===== Supplied material =====

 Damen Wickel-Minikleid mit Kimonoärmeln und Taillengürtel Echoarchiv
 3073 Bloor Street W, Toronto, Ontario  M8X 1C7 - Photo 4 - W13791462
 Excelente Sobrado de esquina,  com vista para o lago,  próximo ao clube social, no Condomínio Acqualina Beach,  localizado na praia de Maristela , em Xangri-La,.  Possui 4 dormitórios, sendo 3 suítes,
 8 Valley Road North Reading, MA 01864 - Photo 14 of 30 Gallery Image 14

=====

#### Problem to solve:
What is needed is an exact printout of every line from the one with "Excelente Sobrado de" through the end of the data, including both, and nothing more.

#### Answer space:
 Excelente Sobrado de esquina,  com vista para o lago,  próximo ao clube social, no Condomínio Acqualina Beach,  localizado na praia de Maristela , em Xangri-La,.  Possui 4 dormitórios, sendo 3 suítes,
 8 Valley Road North Reading, MA 01864 - Photo 14 of 30 Gallery Image 14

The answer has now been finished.